Tutankhamun は、古代エジプト第18王朝・第12代目の Pharaoh(在位:紀元前1332年-1323年)で「少年王」として知られる。その黄金の仮面(The Golden Burial Mask of Tutankhamun)は1925年、英国の考古学者 Howard Carter により、古代エジプトの葬祭地である「王家の谷」の墳墓(KV62)で発見され、Cairo の「エジプト考古学博物館」(The Egyptian Museum in Cairo) Egyptian Museum Cairo – EMC を経て現在は、「大エジプト博物館」(Grand Egyptian Museum) Grand Egyptian Museum - Home Page に収蔵されている。墓の中からは金製品を含む約2000点もの埋葬品が発見された。
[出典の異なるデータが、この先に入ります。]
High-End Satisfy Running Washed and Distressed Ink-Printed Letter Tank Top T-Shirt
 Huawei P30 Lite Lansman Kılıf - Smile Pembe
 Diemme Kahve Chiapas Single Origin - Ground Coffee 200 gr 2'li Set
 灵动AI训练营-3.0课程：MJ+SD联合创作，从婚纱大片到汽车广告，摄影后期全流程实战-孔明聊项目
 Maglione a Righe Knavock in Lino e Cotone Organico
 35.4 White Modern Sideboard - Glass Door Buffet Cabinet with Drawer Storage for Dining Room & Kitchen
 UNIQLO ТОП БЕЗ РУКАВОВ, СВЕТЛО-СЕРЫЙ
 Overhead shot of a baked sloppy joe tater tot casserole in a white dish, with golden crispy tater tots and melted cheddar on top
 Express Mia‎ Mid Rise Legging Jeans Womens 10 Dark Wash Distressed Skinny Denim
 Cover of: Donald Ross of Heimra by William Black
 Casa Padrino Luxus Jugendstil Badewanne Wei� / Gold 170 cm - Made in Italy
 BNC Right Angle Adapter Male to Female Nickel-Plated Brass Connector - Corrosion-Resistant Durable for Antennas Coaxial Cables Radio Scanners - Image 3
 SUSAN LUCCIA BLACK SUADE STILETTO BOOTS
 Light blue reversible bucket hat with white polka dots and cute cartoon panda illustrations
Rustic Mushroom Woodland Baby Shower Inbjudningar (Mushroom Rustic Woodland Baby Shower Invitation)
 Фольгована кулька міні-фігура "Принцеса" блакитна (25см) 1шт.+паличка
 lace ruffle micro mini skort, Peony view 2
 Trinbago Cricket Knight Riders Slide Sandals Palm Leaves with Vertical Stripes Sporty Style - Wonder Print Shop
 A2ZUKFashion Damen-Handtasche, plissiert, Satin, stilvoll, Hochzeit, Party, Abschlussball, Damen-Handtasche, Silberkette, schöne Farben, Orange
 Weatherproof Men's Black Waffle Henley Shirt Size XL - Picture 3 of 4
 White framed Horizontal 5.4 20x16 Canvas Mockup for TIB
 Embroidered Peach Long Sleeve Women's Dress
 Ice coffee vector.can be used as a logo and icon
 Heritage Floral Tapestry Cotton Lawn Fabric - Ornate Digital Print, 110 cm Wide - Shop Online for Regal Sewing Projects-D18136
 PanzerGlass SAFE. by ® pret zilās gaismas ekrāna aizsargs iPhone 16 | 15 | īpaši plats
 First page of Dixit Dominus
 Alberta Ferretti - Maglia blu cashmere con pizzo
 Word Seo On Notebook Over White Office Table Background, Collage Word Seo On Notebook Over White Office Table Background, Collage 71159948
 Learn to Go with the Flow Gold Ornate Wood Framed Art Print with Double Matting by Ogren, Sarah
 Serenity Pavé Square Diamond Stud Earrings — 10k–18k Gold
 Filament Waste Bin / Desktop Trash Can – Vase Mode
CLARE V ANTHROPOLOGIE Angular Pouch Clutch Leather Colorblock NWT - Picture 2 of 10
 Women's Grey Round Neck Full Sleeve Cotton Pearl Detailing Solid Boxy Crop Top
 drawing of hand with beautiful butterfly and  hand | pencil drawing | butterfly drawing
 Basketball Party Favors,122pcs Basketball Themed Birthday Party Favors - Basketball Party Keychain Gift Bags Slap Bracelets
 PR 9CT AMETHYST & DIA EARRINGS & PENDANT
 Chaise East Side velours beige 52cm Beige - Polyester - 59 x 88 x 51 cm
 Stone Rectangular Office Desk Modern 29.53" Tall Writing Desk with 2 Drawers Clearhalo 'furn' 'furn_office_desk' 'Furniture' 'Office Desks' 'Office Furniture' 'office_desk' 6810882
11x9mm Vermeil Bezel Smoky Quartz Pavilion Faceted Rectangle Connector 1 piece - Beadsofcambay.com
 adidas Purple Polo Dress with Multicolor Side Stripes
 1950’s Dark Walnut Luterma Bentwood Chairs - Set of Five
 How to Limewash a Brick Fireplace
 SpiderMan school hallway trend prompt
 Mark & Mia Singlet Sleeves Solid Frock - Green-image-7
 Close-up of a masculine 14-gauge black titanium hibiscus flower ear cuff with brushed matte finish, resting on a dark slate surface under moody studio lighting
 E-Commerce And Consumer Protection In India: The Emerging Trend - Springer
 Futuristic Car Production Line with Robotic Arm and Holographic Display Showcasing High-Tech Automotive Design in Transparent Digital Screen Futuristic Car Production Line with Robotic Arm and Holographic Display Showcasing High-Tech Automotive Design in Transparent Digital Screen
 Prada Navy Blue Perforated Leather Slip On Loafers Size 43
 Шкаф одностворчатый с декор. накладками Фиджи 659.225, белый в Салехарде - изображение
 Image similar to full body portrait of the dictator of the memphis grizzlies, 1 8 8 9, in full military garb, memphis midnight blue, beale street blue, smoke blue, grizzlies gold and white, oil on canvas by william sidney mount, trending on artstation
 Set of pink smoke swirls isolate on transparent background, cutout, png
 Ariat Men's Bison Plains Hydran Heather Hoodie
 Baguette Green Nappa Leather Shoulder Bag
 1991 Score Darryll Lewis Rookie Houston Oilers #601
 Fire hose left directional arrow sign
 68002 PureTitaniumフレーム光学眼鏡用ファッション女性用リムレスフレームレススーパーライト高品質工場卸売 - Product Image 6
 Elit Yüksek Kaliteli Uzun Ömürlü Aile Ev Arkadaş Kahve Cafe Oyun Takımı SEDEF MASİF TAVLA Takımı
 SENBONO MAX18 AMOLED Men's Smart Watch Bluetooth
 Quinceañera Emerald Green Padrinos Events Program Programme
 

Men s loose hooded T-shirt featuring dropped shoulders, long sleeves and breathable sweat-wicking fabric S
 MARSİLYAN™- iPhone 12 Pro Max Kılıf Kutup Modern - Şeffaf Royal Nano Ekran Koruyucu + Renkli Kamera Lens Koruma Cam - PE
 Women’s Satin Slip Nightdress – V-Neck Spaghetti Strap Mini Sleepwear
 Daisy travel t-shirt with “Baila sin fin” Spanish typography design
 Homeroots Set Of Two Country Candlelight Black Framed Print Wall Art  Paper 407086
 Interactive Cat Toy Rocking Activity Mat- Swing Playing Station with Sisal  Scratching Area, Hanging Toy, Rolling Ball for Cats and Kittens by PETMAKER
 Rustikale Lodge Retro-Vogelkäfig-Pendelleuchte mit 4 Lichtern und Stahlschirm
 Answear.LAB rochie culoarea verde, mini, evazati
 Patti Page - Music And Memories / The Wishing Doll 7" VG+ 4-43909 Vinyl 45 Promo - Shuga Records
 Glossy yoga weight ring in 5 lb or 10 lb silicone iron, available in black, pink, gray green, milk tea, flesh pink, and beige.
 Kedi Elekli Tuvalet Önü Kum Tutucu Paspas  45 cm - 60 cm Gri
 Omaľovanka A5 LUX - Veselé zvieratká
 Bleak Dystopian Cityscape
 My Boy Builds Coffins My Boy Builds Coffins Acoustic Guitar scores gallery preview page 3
黄金の仮面は厚さ2.5cm~3cmのほぼ純金の延べ板が数枚つなぎ合わされ、長さ54cm、幅39.3cm、奥行き49cmの大きさで、重量は10.23kg(321.5 troy ounce)である。また石英(Quartz)や Lapis Lazuli などで美しく彩色されている。Lapis はラテン語で「石」、Lazuli はペルシア語で「青」の意であり、古代より藍青(らんせい)色を呈して飾り石として用いられた。数種の鉱物の混合物で「黄鉄鉱」が混じっており、磨くと濃い青地に金色の斑点が輝くため「青金石」(せいきんせき)ともいう。東洋では「瑠璃」(るり)として知られる。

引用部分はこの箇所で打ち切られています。